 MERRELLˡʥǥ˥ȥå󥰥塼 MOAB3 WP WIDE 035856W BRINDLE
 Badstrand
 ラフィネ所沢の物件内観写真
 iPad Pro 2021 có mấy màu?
※
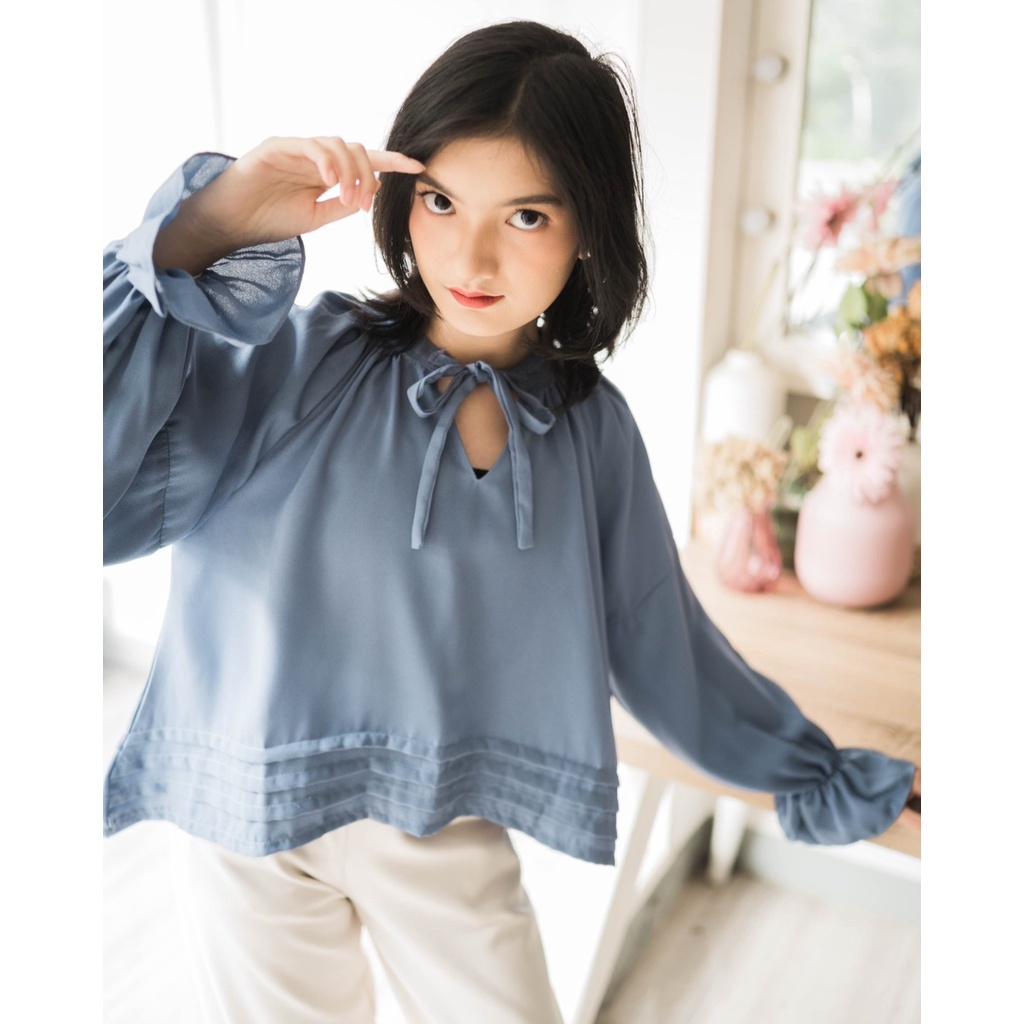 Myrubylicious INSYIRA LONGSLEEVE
※
What is asked for is an exact copy of the lines above from the one containing "MERRELLˡʥǥ˥ȥå󥰥塼 MOAB3 WP" through the one containing "iPad Pro 2021 có mấy màu?", and only those.

§ Your solution
 MERRELLˡʥǥ˥ȥå󥰥塼 MOAB3 WP WIDE 035856W BRINDLE
 Badstrand
 ラフィネ所沢の物件内観写真
 iPad Pro 2021 có mấy màu?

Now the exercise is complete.